Change 953207 had a related patch set uploaded (by Herron; author: Herron):

[operations/puppet@production] Revert "trafficserver: Use svc urls for eqiad/codfw"

https://gerrit.wikimedia.org/r/953207

Change 953207 merged by Herron:

[operations/puppet@production] Revert "trafficserver: Use svc urls for eqiad/codfw"

https://gerrit.wikimedia.org/r/953207

Hi,

Just FYI, JS and CSS are currently broken on prometheus-{eqiad,codfw}.wikipedia.org due to 401 and 403 errors, with some CORS sprinkled in

Thanks for reporting. I reverted the above to stop these errors while we work on a longer term fix.

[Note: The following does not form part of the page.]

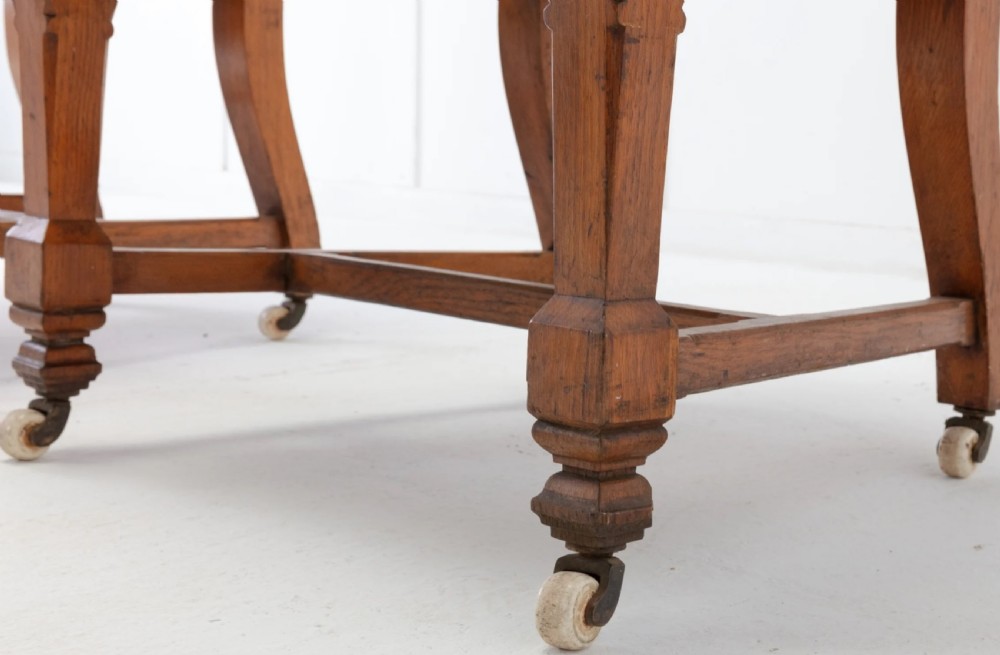 A pair of 19th-century Gothic Revival golden oak open armchairs with black leather upholstery and carved trefoil pediments. View XI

With oauth2-proxy deployed successfully for thanos.w.o we can deploy it to prometheus too and thus have prometheus-https backed by multiple hosts with SSO

An example task of such migration is https://phabricator.wikimedia.org/T246998, which basically translates to:

  • provision a new oidc client for prometheus in idp
  • introduce a prometheus apache configuration to proxy requests for prometheus-SITE.wikimedia.org to oauth2-proxy
  • configure oauth2-proxy to proxy authenticated requests to prometheus.svc.SITE.wmnet
fgiunchedi raised the priority of this task from Low to Medium.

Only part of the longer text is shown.